オレはニヤリと笑う。「へぇ、面白いじゃん」
オレは杖を高く掲げ、空に向けて光の魔法陣を描いた。
――シュウウウ……。
音もなく、何かが空へと放たれる。ただの光の粒に見えたそれは、誰にも意味がわからなかった。
◆ ◆ ◆
数刻後、パーティーは開けた平野に到着した。
ヨゲラは、待っていた。
「人間どもォ……燃え尽きろォ!」
咆哮と共に、口から真紅の炎を連続で吐き出す。まるで火山の噴火のような威力に、前線に立つことすら困難だった。

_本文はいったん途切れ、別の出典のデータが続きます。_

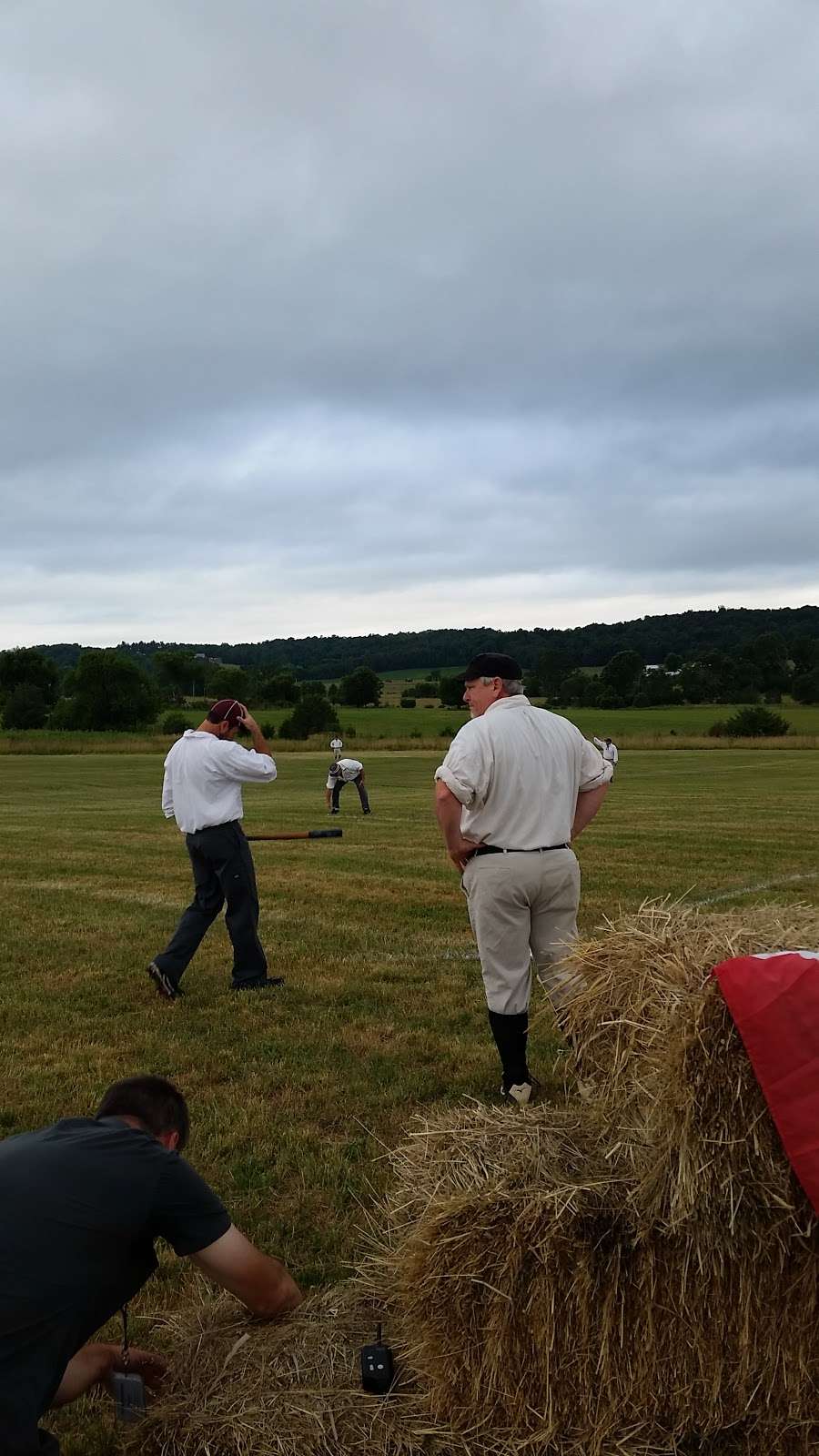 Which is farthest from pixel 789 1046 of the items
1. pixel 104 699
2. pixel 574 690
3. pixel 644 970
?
pixel 104 699

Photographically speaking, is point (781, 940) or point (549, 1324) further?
point (781, 940)

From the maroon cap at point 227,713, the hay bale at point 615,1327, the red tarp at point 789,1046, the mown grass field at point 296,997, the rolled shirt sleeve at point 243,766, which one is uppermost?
the maroon cap at point 227,713

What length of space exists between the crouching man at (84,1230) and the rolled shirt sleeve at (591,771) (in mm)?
3117

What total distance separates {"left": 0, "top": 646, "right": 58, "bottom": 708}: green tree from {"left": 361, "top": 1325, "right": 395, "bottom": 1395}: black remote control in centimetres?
11272

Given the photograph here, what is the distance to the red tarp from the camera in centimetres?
260

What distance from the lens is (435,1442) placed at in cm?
286

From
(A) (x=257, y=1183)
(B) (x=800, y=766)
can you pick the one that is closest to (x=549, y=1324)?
(A) (x=257, y=1183)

「リア、退がれ! 前に出すぎだ!」レオンの指示に、リアは躊躇いながらも下がる。
「こいつ、近づけねぇぞ……」ルイスが呻く。
そのときだった。
「……雨、降らせよ」
オレは再び呟き、杖を一振りする。
――ザァァァァァ……
突然、空が泣き始めた。大粒の雨が一帯に降り注ぐ。
「っ!? これ……」
「さっき空に撃ったのは、人工降雨の種。上空の湿気を強制的に凝縮させた。ちょっとした“化学兵器”ってやつだ」
ヨゲラの炎は次第に勢いを失い、濡れた地面に蒸気が立ち上るだけになっていた。
オレは笑みを浮かべ、ヨゲラに突進する。杖の先端から鋭く音を立てて水流が発射された。
――シュバッ!
ヨゲラの鋼鉄の皮膚が、スパッと真っ二つに切り裂かれた。彼の目が見開かれる。
「水に、細かいダイヤモンドの粒を混ぜた。いわゆるウォータージェットカッター。物理法則は裏切らないぜ」
ヨゲラが叫ぶ間もなく、その巨体は崩れ、炎と共に霧散する。
残されたのは、赤黒く輝く、ゼリーのような物体。
「……魔の源だな」
レオンが慎重にそれを拾い上げ、特製の封印袋にしまい込む。
「これがある限り、奴らは不死身のようなものだ。だが、これは同時に魔物たちの欲する“動力”でもある。強敵を倒した証だ」
「つまりこれ、けっこうレアってことね」とドルナが言う。
「そう。薬の材料にも使えるし、研究にも価値がある」
「この先、敵はどんどん強くなる…」とルイス。
オレは空を見上げた。まだ雨が静かに降り続いていた。
「敵がどんなに強くても、対策ができりゃ、勝てるさ」
その言葉に、一同が一瞬、黙った。
だが、誰よりも静かだったのはレオンだった。彼の瞳には、微かに複雑な色が浮かんでいた。